Let's throw one more curveball into the mix. There's another case we need to guard against with display names, and that's where a user has given us their full name, but it contains personal identifying information (PII).

This situation actually happens not infrequently on our site. For some reason on our public, free Bootcamp Prep course sign up page, users often enter their email in the full name field.

Clearly, we need to change something about this UI. But in the meantime, we can protect against displaying PII via some more complex pattern matching techniques. So far, our display_name/1 function clauses look like this:

defmodule Account do # Nil checks def display_name(%{first: nil, last: nil, username: nil}), do: display_name(%{}) def display_name(%{first: nil, last: nil, username: username}) do display_name(%{username: username}) end def display_name(%{first: nil, last: nil}), do: display_name(%{})

 

 # Happy paths def display_name(%{first: first, last: last}), do: do_trim('#{first} #{last}') def display_name(%{username: username}), do: '#{username}' def display_name(_), do: “New User” end

Let's expand our arsenal a bit by adding two more function clauses that guard against PII in a user's first name:

defmodule Account do #...(Nil checks) def display_name(%{first: first, username: nil}) when first =~ '@' do '<<Redacted>>' end def display_name(%{first: first, username: username}) when first =~ '@' do '#{username}' end #... (Happy paths) end

Elixir function declarations support guard clauses, which is what the when first =~ '@' is in the examples above.
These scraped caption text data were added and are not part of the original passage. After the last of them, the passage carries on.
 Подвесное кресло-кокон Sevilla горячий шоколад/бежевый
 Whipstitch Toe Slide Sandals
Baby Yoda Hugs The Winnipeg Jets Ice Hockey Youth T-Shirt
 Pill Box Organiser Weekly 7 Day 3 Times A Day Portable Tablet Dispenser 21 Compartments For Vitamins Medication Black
Guard clauses are a nice way to match against more complex patterns without adding too much clutter to your functions. Only a handful of expressions are supported, and they're meant to be short and sweet.

### Wrap Up

Thanks to the power of pattern matching and multi-clause functions, we now have clear, clean, and effective code to handle displaying user names. And as new requirements come up, we don't have to touch any of these existing methods. We can simply add new clauses as needed.
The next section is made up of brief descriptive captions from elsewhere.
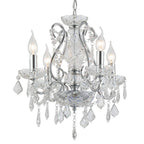 Silver-tone crystal chandelier with four candle bulbs, ornate scrollwork, and adjustable height.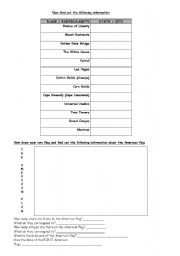 English worksheet: the USA geography history money and states N2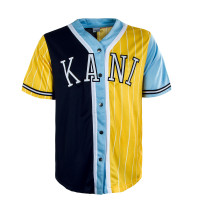 Herren Hemd - College Block Pinstripes Baseball Shirt - Yellow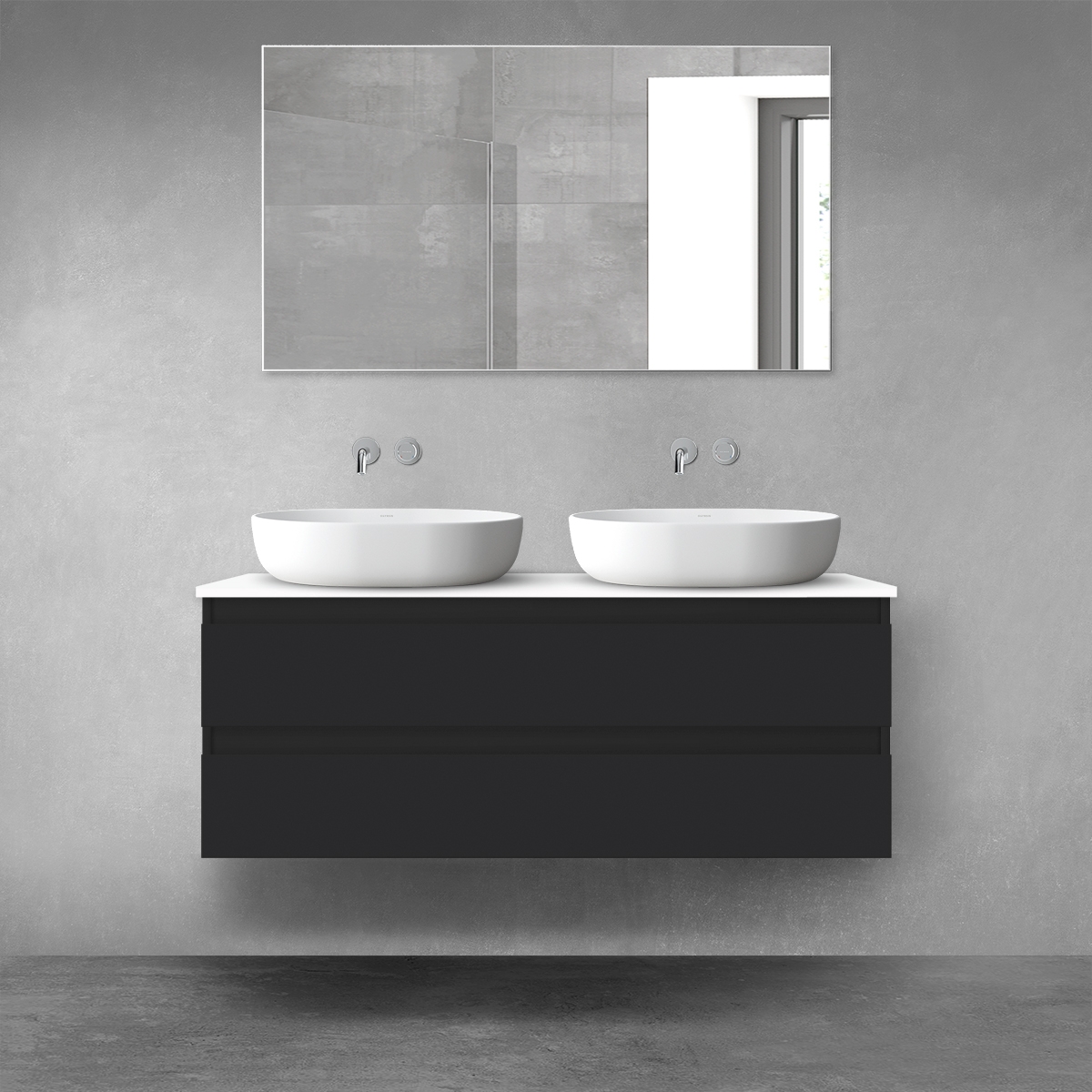 Darmowa Dostawa - Szafka z blatem 120x46.4x48.6 cm podumywalkowa wisząca biała-czarna Oltens Vernal 68469300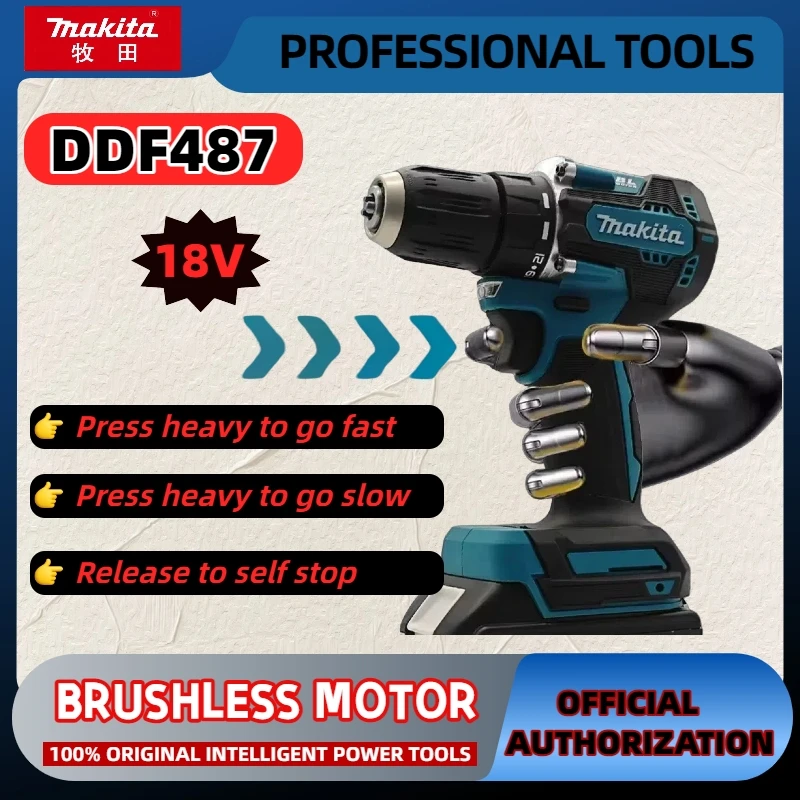 Venta al por mayor Original Makita DDF487 taladro inalámbrico destornillador de impacto eléctrico sin escobillas herramienta eléctrica recargable 18V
defmodule Account do def display_name(%{first: nil, last: nil, username: nil}) def display_name(%{first: nil, last: nil, username: username}) def display_name(%{first: first, username: nil}) when first =~ '@' def display_name(%{first: first, username: username}) when first =~ '@' def display_name(%{first: first, last: last}) def display_name(%{username: username}) def display_name(_) end

### Takeaways

As I mentioned earlier, working with pattern matching in Elixir requires you to think a bit differently – but different in a good way. The way the language is designed – the paradigms it embraces, the functionality it supports – encourages you to follow general programming best practices.

Take pattern matching on multi-clause functions. By supporting this, Elixir nudges you towards writing small, declarative functions – short functions that do one thing only, e.g. functions that follow the Single Responsibility Principle.
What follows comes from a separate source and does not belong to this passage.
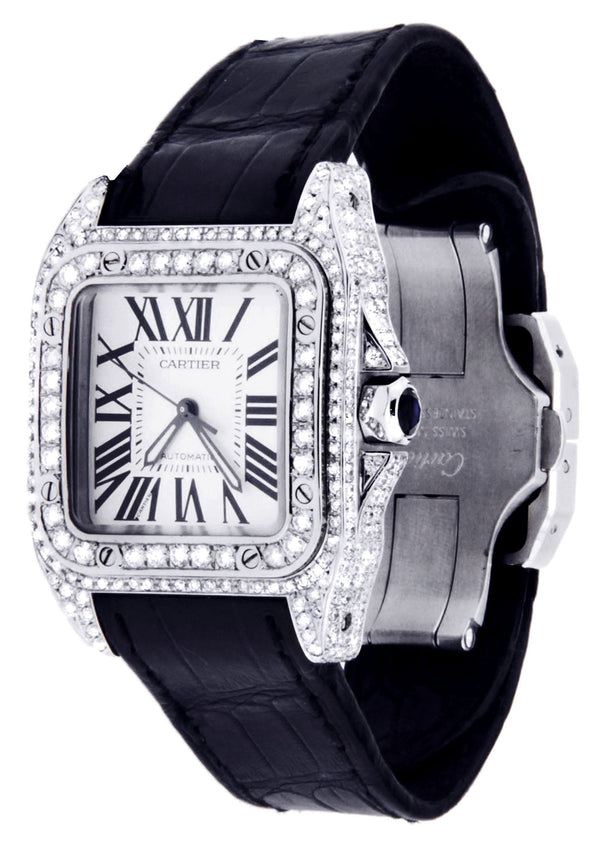 Diamond Cartier Santos 100 | Stainless Steel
Likewise, by declaring the pattern you want to match against, you’re sending a clear signal about what inputs you expect to receive. Your code becomes more self-documenting by default.

All-in-all, Elixir encourages you to write code that’s 1) declarative 2) self-documenting and 3) well scoped. It’s helping you become a stronger programmer.

Now that’s impressive.

### Resources

#### Tutorials:

##### Footnotes

[1] Binding vs. Assignment

The distinction between variable binding vs. variable assignment is small, but critical when it comes to pattern matching in Elixir. For any readers familiar with Erlang, all the binding and re-binding variables above may have seemed odd. In Erlang, variables are immutable, and since Elixir is built on top of the Erlang VM, variables are immutable in Elixir, too.

If variables are immutable, then why are we allowed to tie and re-tie values to variables with pattern matching?

We have to drop down to machine-level memory management to get the answer. Assignment assigns data to a place in memory, so re-assigning a variable changes the data in place. Binding creates a reference to a place in memory, so re-binding just changes the reference, not the data itself.

Think of the variable as a suitcase. Binding the variable is like slapping a label on the suitcase. Assigning is like swapping out the contents [source].

For more context, Elixir creator José Valim has a helpful post on Comparing Elixir and Erlang variables.